Sur le plan visuel, la série se distingue d’abord par la qualité de sa réalisation, confiée à un véritable cinéaste en la personne d’Albert Hughes. Dans les années 90-2000, ce dernier, aux côtés de son frère jumeau Allen, a signé une série de films à l’intensité viscérale et à la violence implacable : Menace II Society (1993), Dead Presidents (1995), From Hell, une adaptation d’une bande dessinée d’Alan Moore avec Johnny Depp (2001), ainsi que The Book of Eli (2010), un film d’action postapocalyptique mettant en scène Denzel Washington en samouraï aveugle aux côtés de Gary Oldman. En solo, il a réalisé le film d’aventures préhistorique Alpha en 2018. Il est aux commandes du premier et du dernier épisode de la série, les chapitres les plus riches en action. Quant au deuxième volet, il est dirigé par la réalisatrice franco-suédoise Charlotte Brändström, qui a également œuvré sur quelques épisodes de la série dérivée du Seigneur des Anneaux pour Prime Vidéo. Grâce à son talent visuel et à son affinité pour les genres qui nourrissent la série, Hughes insuffle à celle-ci une tonalité et un style qui lui sont propres, tout en préservant la cohérence avec la vision établie par Chad Stahelski pour les films John Wick. La série se distingue par son esthétisme soigné, et le choix de tourner dans les studios hongrois de Budapest permet de bâtir de véritables décors « en dur ». Cela offre à la reconstitution fantasmée du New York des années 70 une qualité « tactile » oscillant habilement entre réalisme et bande dessinée, sublimée par la contribution dans le dernier épisode du directeur de la photographie, Peter Deming (connu pour son travail sur Lost Highway et Mulholland Drive).

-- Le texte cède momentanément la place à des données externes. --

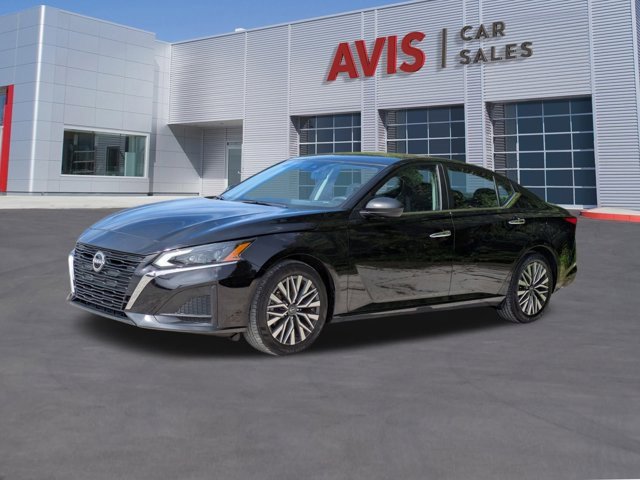 Used 2024 Nissan Altima 2.5 SV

Bien que le format télévisuel demande une concentration accrue sur les intrigues et le développement des personnages, Le Continental : D’après l’univers de John Wick ne lésine pas pour autant sur l’action. Albert Hughes se délecte de mettre en scène des fusillades généreuses et des combats d’arts martiaux à la hongkongaise, déployant une dramaturgie qui leur est propre. Si l’on redoutait que le passage au petit écran ne tempère la violence des films, ces craintes peuvent être dissipées. En effet, Le Continental : D’après l’univers de John Wick se révèle particulièrement brutal, voire sanglant, réservant quelques moments de gore remarquables. D’autres points forts de la série incluent son générique animé, rappelant l’esthétique de James Bond, au rythme du morceau Hard Times de Baby Huey, dont la dernière image révèle un moment-clé de l’épisode à venir. De plus, la bande sonore est composée de standards issus des plus grands groupes des années 70, tels que Pink Floyd, The Who, ou ZZ Top. En conclusion Le Continental : D’après l’univers de John Wick réussit à marier les archétypes et les conventions des genres pulps emblématiques des années 70 avec une expérience immersive au cœur de l’univers John Wick. Mel Gibson apporte une touche d’autoparodie à l’ensemble, tandis que les nouvelles figures de la série contribuent à étoffer son univers. La réalisation d’Albert Hughes et une conception artistique soignée renforcent la dimension visuelle de la série, tout en maintenant une action intense et brutale fidèle à l’esprit des films. Le Continental : D’après l’univers de John Wick s’inscrit dans la lignée de la saga tout en offrant un contenu original, garantit une belle expérience télévisuelle pour les fans de la franchise John Wick et les amateurs d’action.